The results of the computer assignments show that over 270,000 hours will be saved each day in the design year by public transport users if the rapid-transit system is built. This calculation is based on the total travel time by all public transport patrons and includes walking and waiting time.
As with the costs of delay, the monetary benefits of time savings are difficult to evaluate. There is disagreement among economists as to the proper value that should be used for time. To apply such a value properly it would be necessary to identify each trip by its origin, destination and purpose. Then values of time could be assumed for each purpose and the savings could be computed. Account would have to be taken of such factors as average wage rates, induced trips, diverted trips, and the travel speeds if no rapid-transit system were in existence. All of these calculations would need to be made for each year and a comparison of the cumulative total with the cost of the system would show if it were feasible from this standpoint. No such comparison has been made here but it has been shown in studies for other cities that major transportation improvements can be justified by this method alone. For example, if the average rapid-transit rider saves seven minutes per trip (only half of the representative average mentioned above) and time is valued at only $1.20 per hour, then the total savings in the design year will be $111 million. This amount exceeds the whole of the estimated operating expenses for that year.
THE ALTERNATIVES
If a rapid-transit system is not built, then the cost of constructing an adequate road system must be considered. Projections made as part of this study show that many improvements would be needed to serve the volume of public transport alone. Without any consideration for the needs of taxis, lorries, private cars and other miscellaneous vehicles, it has been shown that many surface streets would not have adequate capacity by the design year unless they were converted to limited access motorways. If the needs of other vehicles are also allowed for, it could be concluded that the additional road improvements would exceed the cost of the rapid-transit system due to the cost of right-of-way for roads. It is conceivable that a system of multi-lane elevated roadways would be needed, along with a second or possibly a third cross-harbour tunnel. The cost then, of not constructing a rapid-transit system is the much greater cost of constructing a roadway system designed to maintain at least the present level of service and journey speed. By 1986 this roadway system would have to accommodate a million persontrips per day by private transport and 1.5 million by surface public transport over and above those that would be expected if the rapid-transit system were constructed, plus additional parking spaces and necessary expansion and improvement to other facilities.
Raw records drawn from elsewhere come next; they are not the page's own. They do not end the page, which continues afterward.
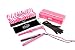 Yogi Hair Straightener and Wand Gift Pack Pink Zebra Design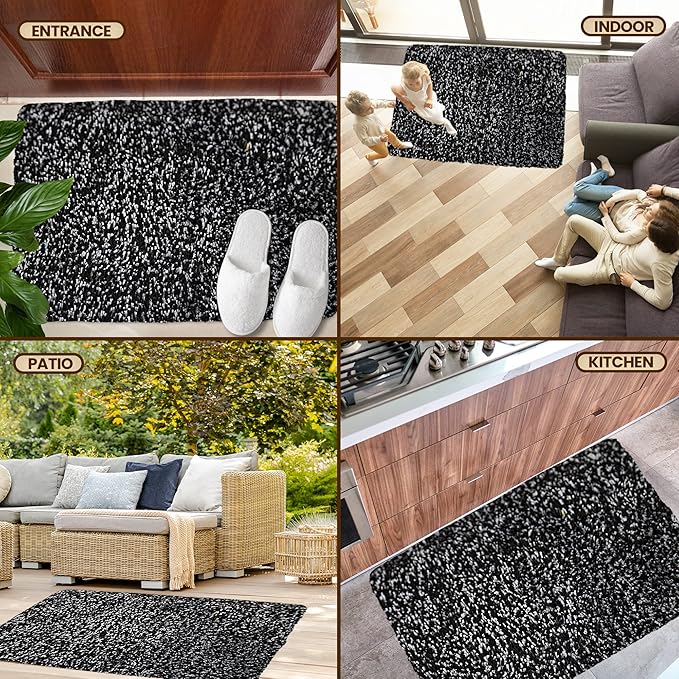 Premium Microfiber Indoor Door Mat – 36"x72" Washable Entry Mat, Waterproof - Image 8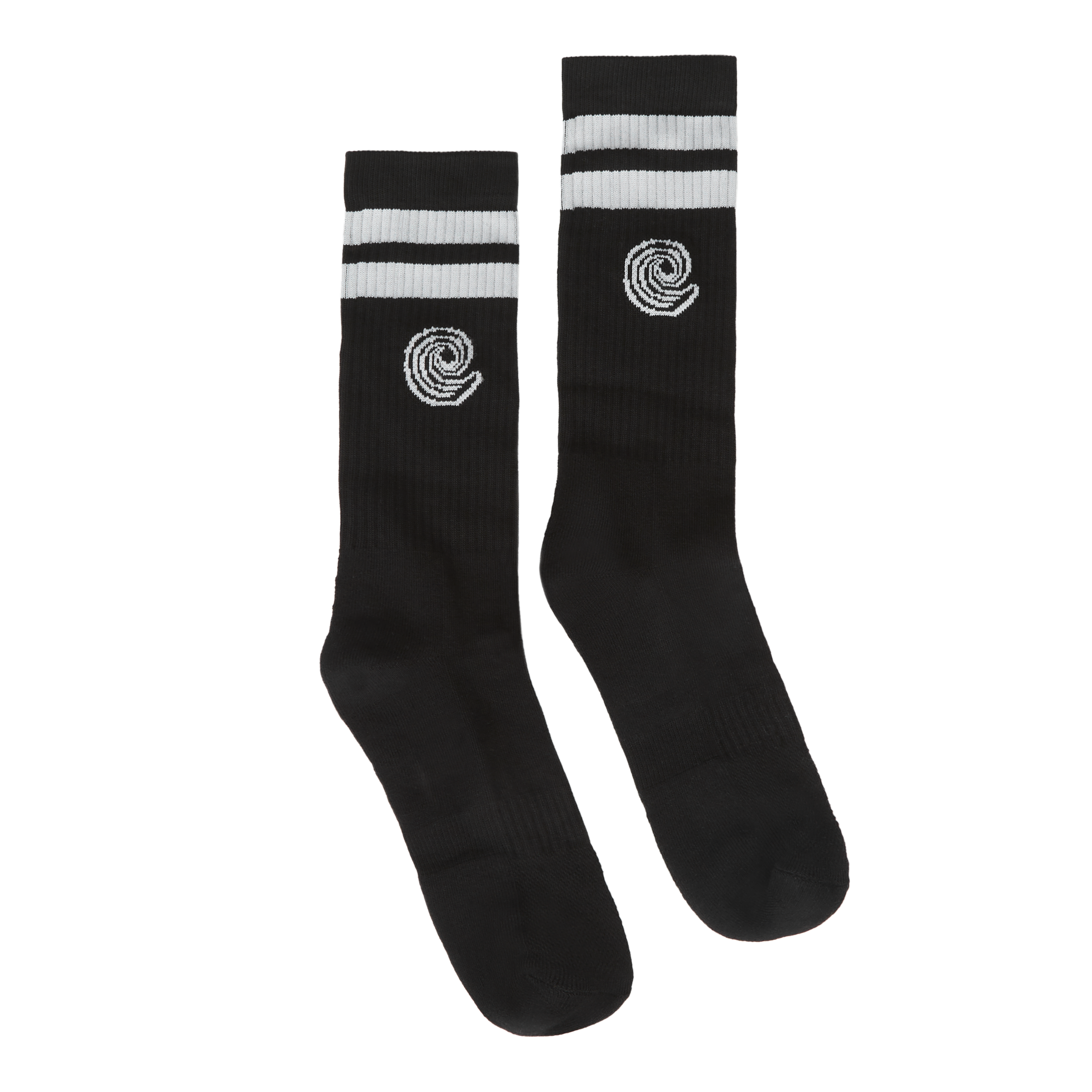 CONFUSION BLACK SOCKS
If neither a rapid-transit system nor an adequate road system is built then the community must be prepared to accept responsibility for the cost to the public, commerce, industry and Government resulting from drastically slower movement of people and goods. This would include the extra capital costs for more vehicles, the extra operating costs for more manpower, petrol, etc. and the extra operating costs of doing business due to a multitude of delays in every enterprise. While these costs are difficult to identify as specific out-of-pocket expenses at any given time, their effect on the economy of Hong Kong could be devastating.
↑Throughout this report, all monetary values are in Hong Kong dollars. Prices derived from overseas sources have been converted at the rate of 16 Hong Kong dollars to the Pound sterling and 5.7 Hong Kong dollars to the United States dollar.
↑Investment Appraisal. National Economic Development Council, HMSO, London. 1967. DCF is sometimes referred to as "Internal Rate of Return".